I'm writing, of course, of Mistress Masham's Repose.  

It was one of my grandfather's (your father's) favorite books, so I have no doubt that you, too, remember him reading passages out loud.  I can remember his excitement about me being ready for him to read it aloud -- I think we may have had a false start or two when I was too young for it -- and his great pleasure in my loving it too.

Mistress Masham's Repose is the story of 10-year-old orphaned Maria (yup, another orphan), an heiress of sorts who lives on her ruined estate under the care of her guardian, the vicar Mr. Hater, and a horribly mean governess, Miss Brown.  Maria lives in general misery save for the friendship of a dotty old professor and a nice cook.  Then, one day, she discovers the city of tiny people living on an island in the corner of the estate, in a run-down temple known as "Mistress Masham's Repose." 

The tiny people turn out to be the descendants of Gulliver's Lilliputians, a community in exile.  Maria tries to befriend them, and there is some comedy in her large bumbling -- I remember particularly a Lilliputian being wrapped up in her handkerchief and very red-faced and angry when he's tumbled out.  They eventually grow to understand and like each other, and Maria and the professor must become the Lilliputians' protectors when Miss Brown and Mr. Hater get wind of their presence, and sense a chance to make money off of them.

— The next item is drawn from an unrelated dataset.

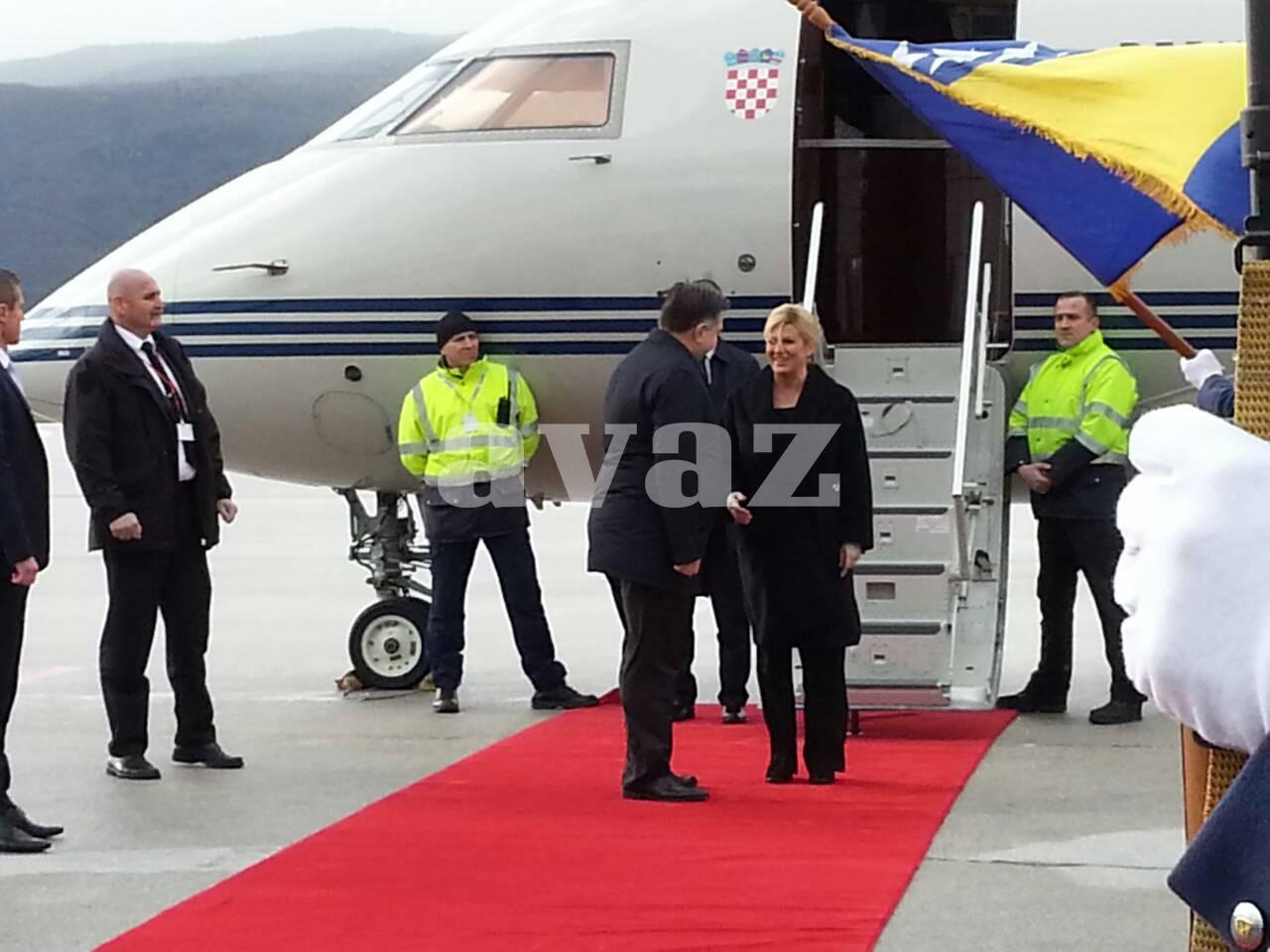 Kolinda je nenadmašna, uspjela je napraviti skandal i od običnog avionskog leta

I would love to reread this book -- it's been years.  Happily, after being out of print for a while, this is another gem that's been reprinted under the auspices of the New York Review Children's Collection.

Did your kids ever get into this one?

Love, Annie

1 comment:

  1. Just a great book for this boy, too. Don't think my daughters took a shine to it, though. Great to hear it's back in print!